= Máttaráhkká =

Mother goddess in Sámi shamanism

Máttaráhkká as depicted on a Sámi drum.

Máttaráhkká (also Maderakka, Madderakka and Maadteraahka; lit. 'origin woman') is a mother goddess in Sámi shamanism. She lives in the ground under the goahti. She is connected to childbirth and has been said to give child its body and make female humans and animals fertile. It's been recorded drinks were offered to her so she'd be merciful towards a pregnant woman.

In Western Sápmi, she was thought to have three daughters: Sáráhkká, Juoksáhkká and Uksáhkká. In Eastern Sápmi, such as in the area of modern-day Finland, these daughters were not known. This has led some researchers to conclude the daughters were born out of later Scandinavian influence.

According to Christfried Ganander in 1789, Máttaráhkká received a child from Radien-attje and gave it life, handing it over to Sáráhkká who then put it in the woman's womb. Her, as well as her daughters, are primarily known as helpers of women.

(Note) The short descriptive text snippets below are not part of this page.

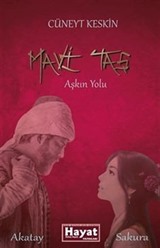 Mavi Taş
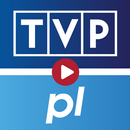 tvp.pl APK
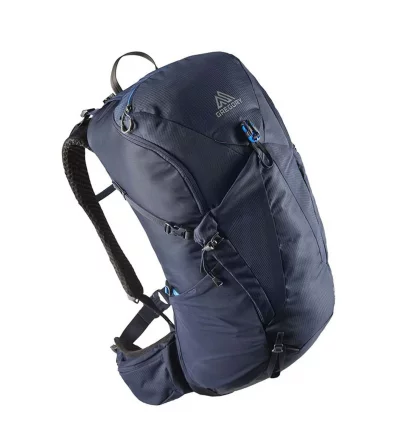 Раница Gregory Zulu 30L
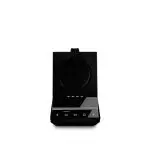 EPOS Basisstation IMPACT SDW 5 Serie EU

After the arrival of Christianity, she came to be associated with Virgin Mary.

On some Sámi drums, she is given the husband Máttaráhttje, but he has a much smaller role and has thus been assumed to be a later addition.

The Sámi of Kola Peninsula had the word mändir-ähke ("parent's grandmother"), due to which Kaarle Krohn thought that Máttaráhkká (as well as the Finnish Manteren akka) was originally a female ancestor buried in the ground and worshipped by later generations, primarily women.